The literary genre of Nasīhatnāme ( Ottoman نصيحت نامه İA Naṣīḥat-nāme , German 'Fürstenspiegel' ) has a long tradition in the literature of the Islamic world. The Islamic prince mirrors deal primarily with the question of order and disorder in government and society. The ruler is seen as the embodiment of justice, and as its guarantor towards the subjects. The idea of ​​the “circle of justice” contains the idea that the ruler's justice ensures the well-being of the subjects; this in turn consolidates and strengthens the rule. If the “circle of justice” breaks, society can no longer function properly. An early Arab prince mirror, the 10th century the Umayyad resulting -Hof, so-called popular government letter ( Risala FIS SIASA al-,āmmīya ' ; the main part of the pseudoaristotelischen font Secretum Secretorum ) is known Islamic Fürstenspiegel are, for example. Siyasatnama the Seljuk vizier Nizam al -Mulk (1018-1092), the Kitâb al-Ishâra of al-Imam al-Hadrami or the Naṣīḥat al-salāṭīn of the Ottoman writer Gelibolulu Mustafa Alî (1541–1600).

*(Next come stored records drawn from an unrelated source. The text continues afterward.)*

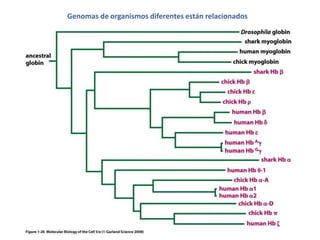Genomas de organismos diferentes están relacionados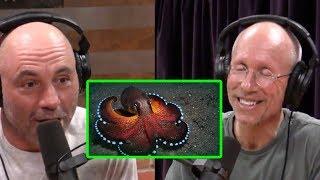 Joe Rogan and William von Hippel on the Strangeness of the Octopus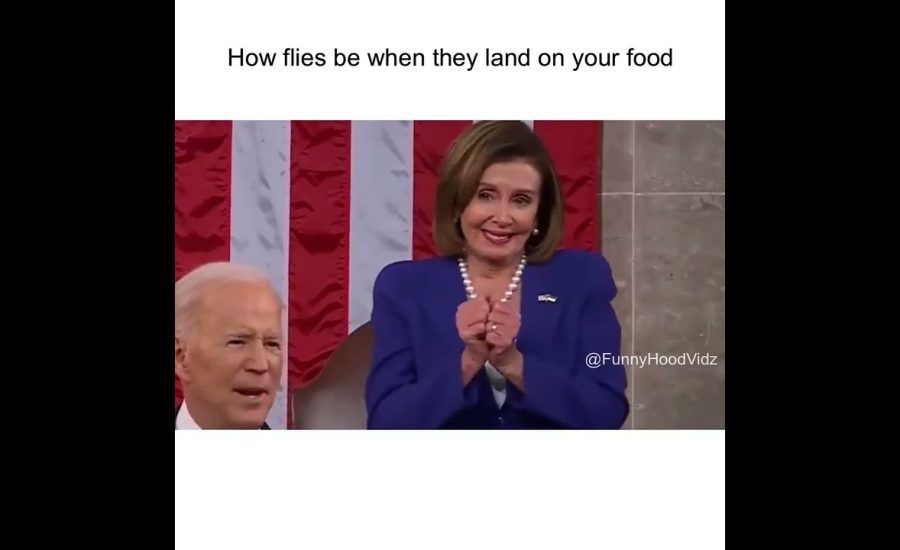 How Flies Be When They Land On Your Food. #shorts #tiktok #gaming #viral #trending #usa #uk #love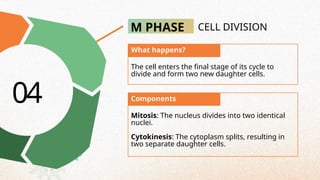 M PHASE CELL DIVISION
The cell enters the final stage of its cycle to
divide and form two new daughter cells.
Mitosis: The nucleus divides into two identical
nuclei.
Cytokinesis: The cytoplasm splits, resulting in
two separate daughter cells.
04 Components
What happens?
 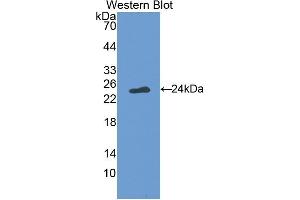Detection of Recombinant FASL, Simian using Polyclonal Antibody to Factor Related Apoptosis Ligand (FASL) (FASL 抗体  (AA 102-280))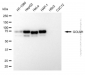 KD-Validated Anti-GOLM1 Mouse Monoclonal Antibody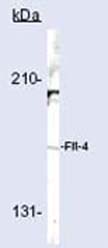 Western blot - Anti-VEGF Receptor 3 antibody (AB27278), expandable thumbnail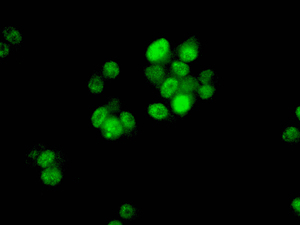 Immunocytochemistry/ Immunofluorescence - Anti-ZNF703 antibody [EPR9050] - BSA and Azide free (AB248790), expandable thumbnail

  • Anton, Hans Hubert : Fürstenspiegel and ruling ethos in the Carolingian era (Bonn historical research 32), Bonn 1968
  • Anton, Hans Hubert: Fürstenspiegel of the early and high Middle Ages (selected sources on German history of the Middle Ages - Freiherr-vom-Stein-Gedächtnisausgabe 45), Darmstadt 2006, ISBN 978-3-534-14348-1 ; ISBN 3-534-14348-5
  • Berges, Wilhelm : The prince mirrors of the high and late Middle Ages (MGH-Schriften 2), Leipzig 1938 (Ndr.)

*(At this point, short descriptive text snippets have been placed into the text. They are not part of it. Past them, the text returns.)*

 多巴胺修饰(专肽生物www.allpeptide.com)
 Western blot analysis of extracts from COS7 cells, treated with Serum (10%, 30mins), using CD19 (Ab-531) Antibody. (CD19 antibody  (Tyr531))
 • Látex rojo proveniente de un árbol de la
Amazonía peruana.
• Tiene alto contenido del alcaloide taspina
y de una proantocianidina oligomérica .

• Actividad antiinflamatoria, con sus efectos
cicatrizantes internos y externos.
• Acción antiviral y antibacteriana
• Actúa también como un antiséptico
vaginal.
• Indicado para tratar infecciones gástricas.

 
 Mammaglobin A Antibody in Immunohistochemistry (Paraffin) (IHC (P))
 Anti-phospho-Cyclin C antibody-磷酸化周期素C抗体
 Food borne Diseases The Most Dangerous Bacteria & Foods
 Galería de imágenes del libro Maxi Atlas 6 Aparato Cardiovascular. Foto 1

  • De Benedictis, Angela (Ed.): Specula principum (Ius commune. Publications of the Max Planck Institute for European Legal History - Special Issues - Studies on European Legal History 117), Frankfurt a. M. 1999, ISBN 3-465-03009-5 ; ISSN  0175-6532
  • Blum, Wilhelm (transl.): Byzantinische Fürstenspiegel ( Library of Greek Literature 14). Stuttgart 1981. ISBN 3-7772-8132-8
  • Eberhardt, Otto: Via regia. The Fürstenspiegel Smaragds von St. Mihiel and its literary genre (Münstersche Mittelalter-Schriften 28), Munich 1977, ISBN 3-7705-1244-8
  • Hadot, Pierre : Art. Fürstenspiegel , in: Reallexikon für Antike und Christianentum , Vol. 8, 1972, Sp. 555–632.
  • Klinkenberg, Hans Martin : About Carolingian prince mirrors , in: History in science and teaching ; Vol. 7, 1956.
  • Kleineke, Wilhelm: English princes mirror from the Policraticus Johanns von Salisbury to the Basilicon Doron of King Jacob I (Studies in English Philology 90), Göttingen 1937.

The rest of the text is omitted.